Task brief:
In the data below, find the line containing "Bawaslu Tanggamus Serahkan"; transcribe it and each line after it exactly, through the last, skipping pictures.

Dataset excerpt:

:::

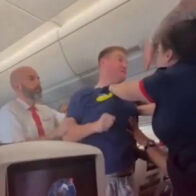 Drunk passenger clashes with British Airways crew on flight to Las Vegas | De Último Minuto English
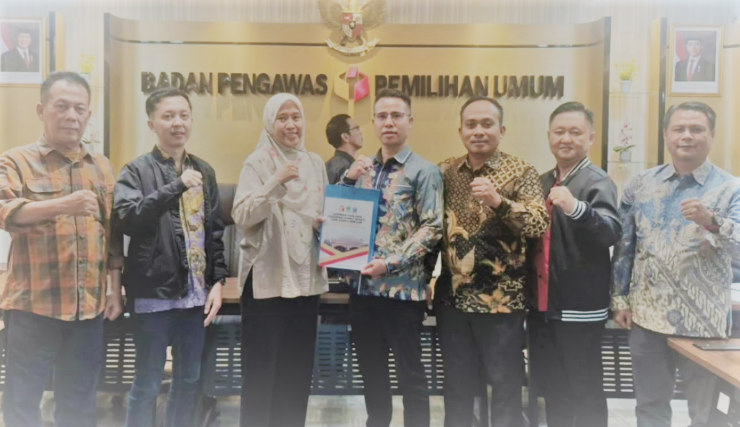 Bawaslu Tanggamus Serahkan Laporan Evaluasi Program Jumat Sehati dan Jumpa Berlian, Perkuat Komitmen Pengawasan Internal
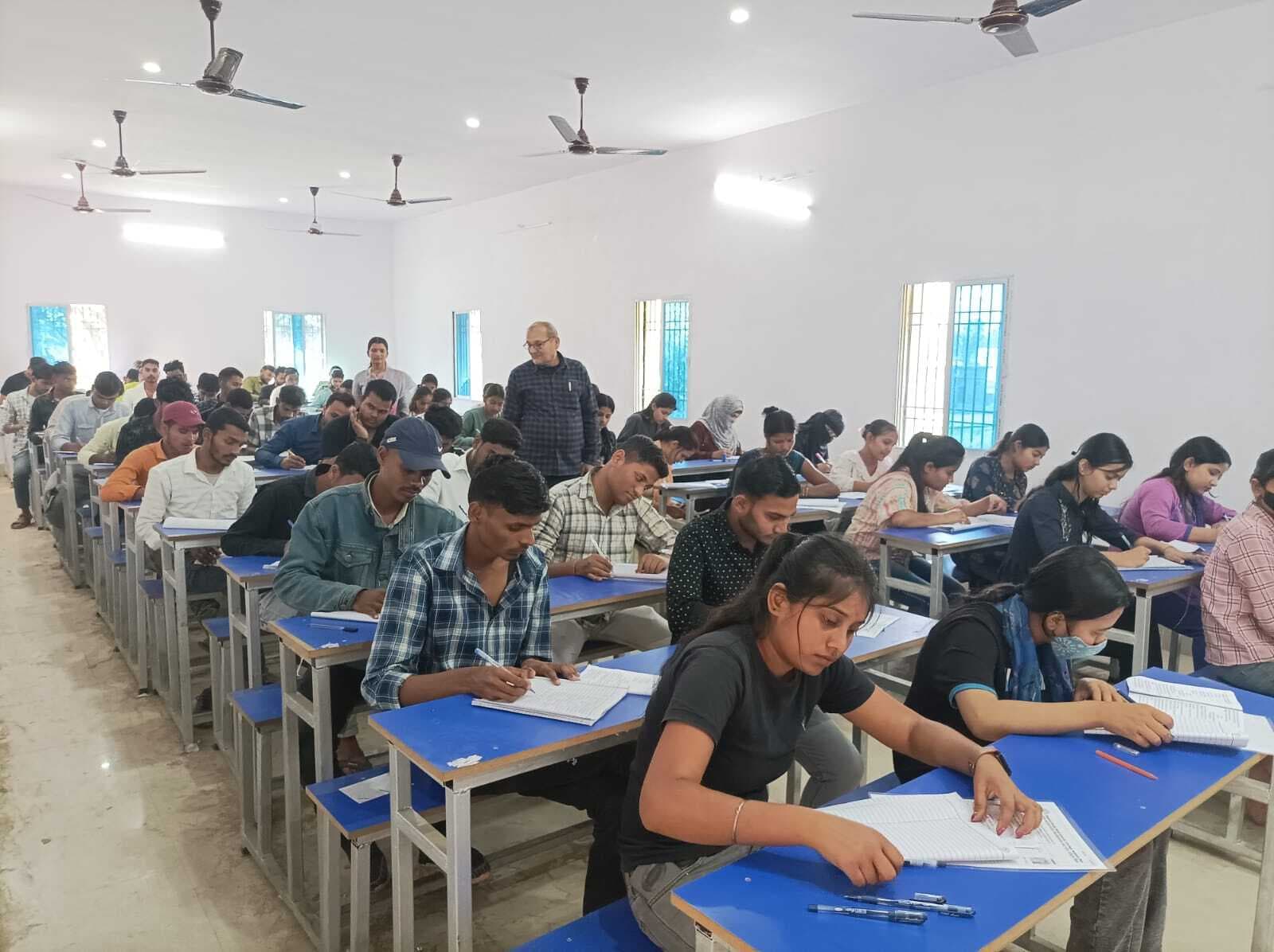 यूजी थर्ड सेमेस्टर की परीक्षा एसएनएसआरकेएस कॉलेज में शांतिपूर्ण संपन्न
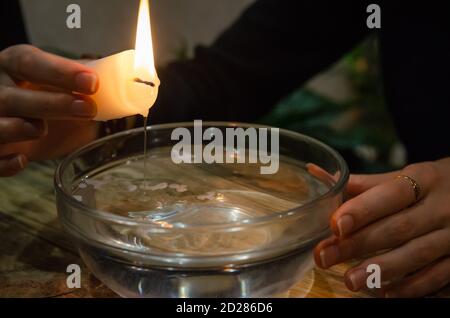 Divination avec une bougie sur l'eau. Concept de magie, divination Banque D'Images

:::

Reply:
 Bawaslu Tanggamus Serahkan Laporan Evaluasi Program Jumat Sehati dan Jumpa Berlian, Perkuat Komitmen Pengawasan Internal
 यूजी थर्ड सेमेस्टर की परीक्षा एसएनएसआरकेएस कॉलेज में शांतिपूर्ण संपन्न
 Divination avec une bougie sur l'eau. Concept de magie, divination Banque D'Images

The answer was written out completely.